Mini Cooper - 04 (€16,500-20,000) - various kms
Merc C-Class - 04 - 60,000 miles or so.
Saab 93 - 04 - 40,000 or so!

Shop around!!!


----------



## MandaC (13 Jan 2008)

I was considering trading my Peugeot 307 for a Corsa and today I saw a Mazda 2 and would consider it too!  

I dont understand why would someone have to be out of their mind to buy one of these?

 I only want a run around and in my eyes both Corsa and Mazda 2 are nice looking, reasonably cheap to run and maintain, easy to park, tax and insure.

Having said that, I sat into the Corsa and it was quite small after the Peugeot.  I also like the Toyota Auris, so will look at this too.  Maybe 07 model.

My boss just left his 03 CLK Mercedes in for a service and the bill was not pretty!  Now I think buying something like that would be sheer madness!

GL01,  are you being offered a decent trade in against your Megane, seeing as you are trading down to a smaller bracket? I am just wondering what I would be offered against the 307.


----------



## REMFAN (13 Jan 2008)

Iceman732 said:


> Sorry I don't understand the question!!! Have you lost your mind in some way?
> 
> An Opel Corsa? Mazda2?
> 
> ...


 
Are you really suggesting the OP buy any of those models over a brand new Corsa or Mazda 2?! Buying a 04 C Class is still a case of buying a four year old car with high running costs. Go for the Corsa!


----------



## ang1170 (13 Jan 2008)

Iceman732 said:


> Sorry I don't understand the question!!! Have you lost your mind in some way?
> 
> An Opel Corsa? Mazda2?
> 
> ...


 
I'm always amused by people who ask for opinions on a certain type of car here, only have to have someone recommend something entirely different (and almost cerytainly) inapropriate.

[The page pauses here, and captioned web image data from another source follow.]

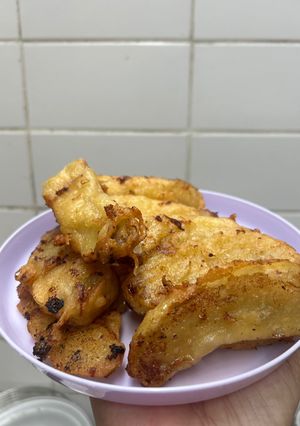 Foto resep 77. Pisang Goreng Mentega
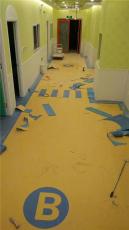 PVC幼儿园地板 幼儿园教室地板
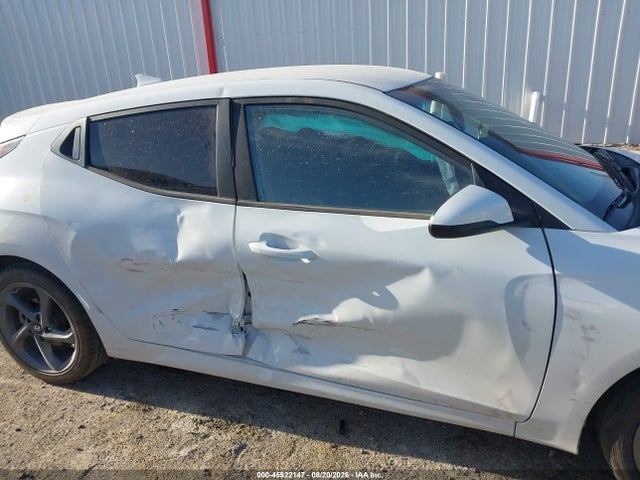 Aukcja sprzedaży 2019 Hyundai Veloster 2.0, vin: KMHTG6AF5KU016877, numer aukcji: 45922147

Presumably the OP had this short list becuase they wanted (a) something cheap to run (b) something reliable and (c) something with no unexpected costs (i.e. covered by warrenty).

Yes, you will always get more metal for your cash buying second-hand, but there are sound reasons for buying new, too.


----------



## CCOVICH (13 Jan 2008)

Could anyone responding please address the OP's query or else just leave it.

Thanks.


----------



## Murt10 (14 Jan 2008)

GL01 said:


> I am trading in my 03 Renault Megane Sport for either a new Mazda 2 or a new Corsa.
> Does anyone have any advice on which to choose?
> I'm also thinking of going for the 1.4l engine, will this make a big difference / is it unnecessary in cars of this size?
> At the moment I'm leaning towards the Opel as it already has a few years on the road and is said to be very reliable (this is of paramount importance after the Megane!).
> Opinions and advice appreciated.






If reliability is what you are looking for then look no further. Mazda is the second most reliable car in the top 10. Opel isn't in the top 10.

[broken link removed]

As if to prove a point, guess what comes in at bottom place?

[broken link removed]


----------



## REMFAN (14 Jan 2008)

Would you consider the Nissan Micra?


----------



## Yoltan (14 Jan 2008)

I bought a new Tigra last summer. Very similar make to the Corsa. No problems so far. Would definitely recommend it.


----------



## Graham_07 (14 Jan 2008)

Mazda's reliability as a range, would be very high. Yes the new Maz2 is new, but it's the forerunning shape of the next [broken link removed]too. The Corsa has a nice look about it and the higher end models have good equipment, but as a choice between the two, I'd go with the Mazda.


----------



## hhhhhhhhhh (14 Jan 2008)

GL01 said:


> At the moment I'm leaning towards the Opel as it already has a few years on the road and is said to be very reliable (this is of paramount importance after the Megane!).
> Opinions and advice appreciated.


http://boards.ie/vbulletin/showthread.php?t=2055214163


----------



## GL01 (14 Jan 2008)

Thanks for the responses.

Iceman - thanks but no thanks. I want a new car, something reliable, not a 4 year old car with 40,000 miles already on it that (thanks Murt10) falls into the bottom 10 in reliability ratings!
And I thought my question was fairly clear!!. 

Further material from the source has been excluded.